§ **Task item**: In the data below, the copy begins at the line containing "Fototapeta premium Switzerland" and runs through the last line; repeat those lines exactly, minus the pictures.

§ **Collected data**:
Start of Block

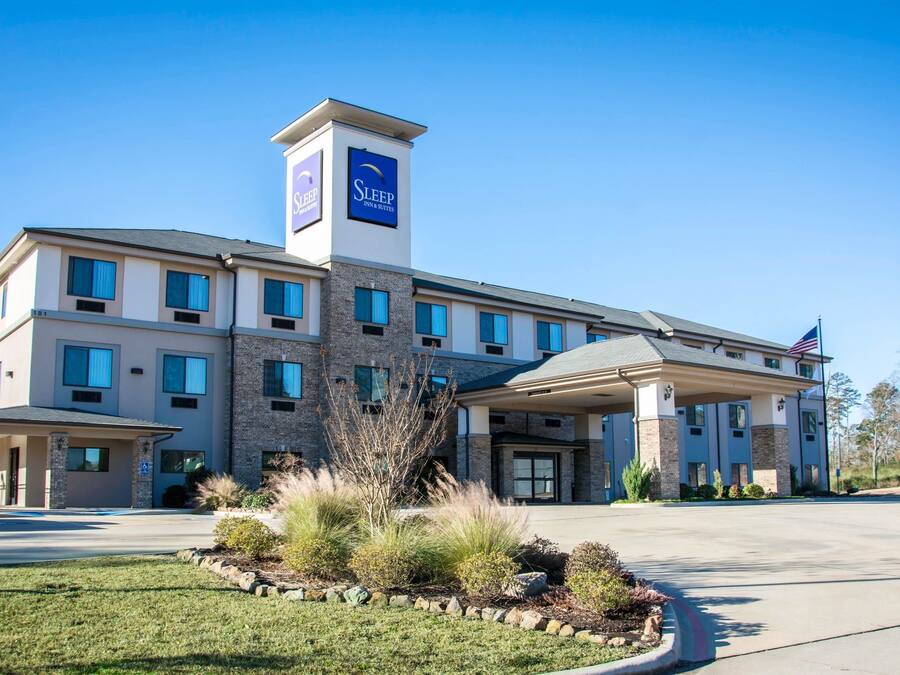 Un hotel Sleep Inn & Suites de diseño moderno, con entrada central, varias ventanas y un césped bien cuidado.
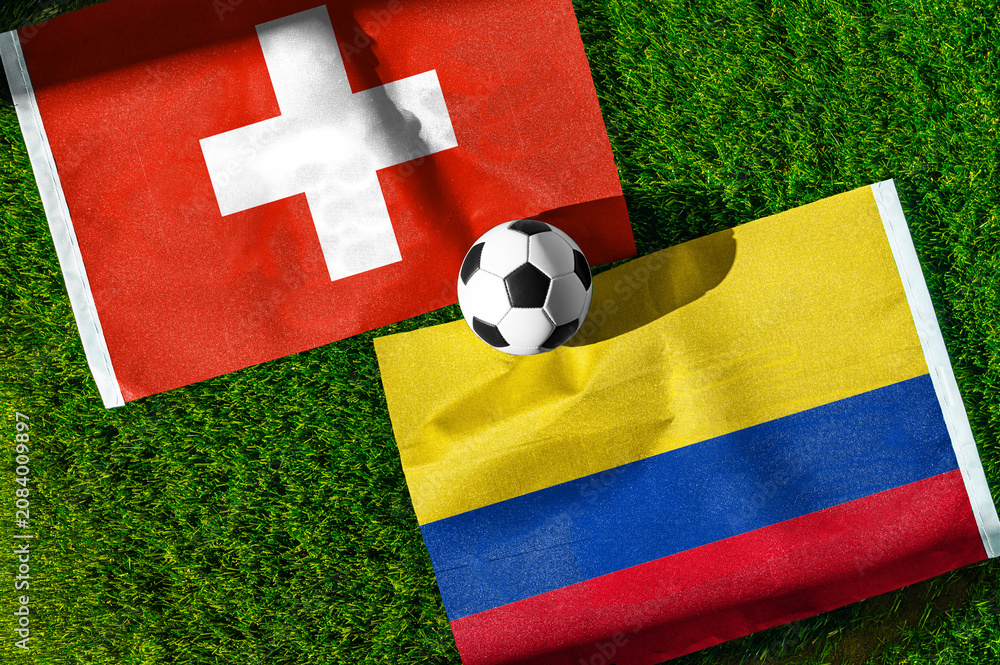 Fototapeta premium Switzerland vs Colombia, Round of 16, national flags before international football match, football on green grass with stadium in the background, BC Place, Vancouver, Canada, July 7, 2026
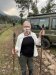 Kathy holding our walking sticks the morning of the 2nd gorilla trek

End of Block

§ **Solution below**:
 Fototapeta premium Switzerland vs Colombia, Round of 16, national flags before international football match, football on green grass with stadium in the background, BC Place, Vancouver, Canada, July 7, 2026
 Kathy holding our walking sticks the morning of the 2nd gorilla trek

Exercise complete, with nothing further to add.